The entities are passed off to each of those three things as a package. In your example ‘Assist’ (Capital A - Assist) gets a copy just like Alexa does and Google does.

The ask would be to move the Pipelines under assist to be at the same level as Assist lives itself.

So they’d have to go into assist (first problem. At this level the packages don’t know nor care what the recirver does with it or how it’s structured - on purpose) parse out all the potential (infinite btw) voice pipelines then add them to the collection at the level of Google etc.

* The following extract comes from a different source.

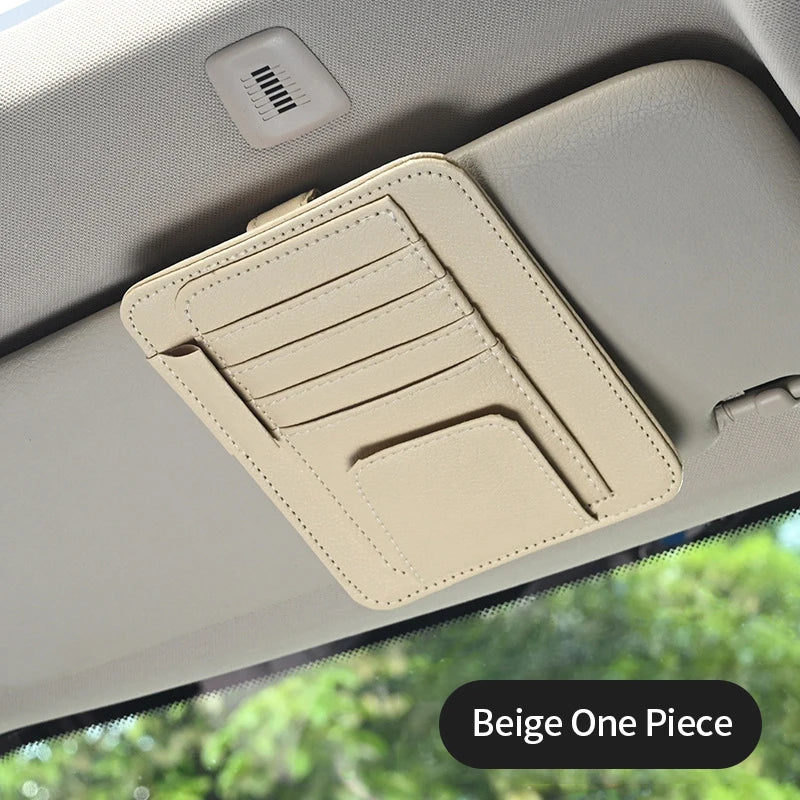 Car Sun Visor Organizer Multi-Pocket Storage Pouch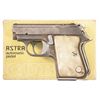Image 1 : Factory Engraved Silver Plated Astra Cub 2002 Semi-Automatic Pistol with Original Box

Rn implementation limits three filters. This would require infinite filters, overflow checkers, move things around in structure and UI etc etc.

Is not small. In fact it’s a bit of a mountain.

Another idea that pushes the complexity out into an add-on instead of into the HA UI: an external Wyoming conversation add-on that lets you create multiple agents which include/exclude specific sentences/intents/entities. These agents would use the same library and intents from Assist itself. Then you can just select the agent you want for a specific pipeline, and use that pipeline on the device.

With the example above, you would install the add-on and create an agent for “Front Door” that excludes that entity from its possible sentences. Then the voice satellite by the door would use a pipeline with that agent.

So rather than treating this as an exposure problem in HA, it would become a matter of customizing each agent to only recognize what you want. Of course, this would not work with LLM fallback.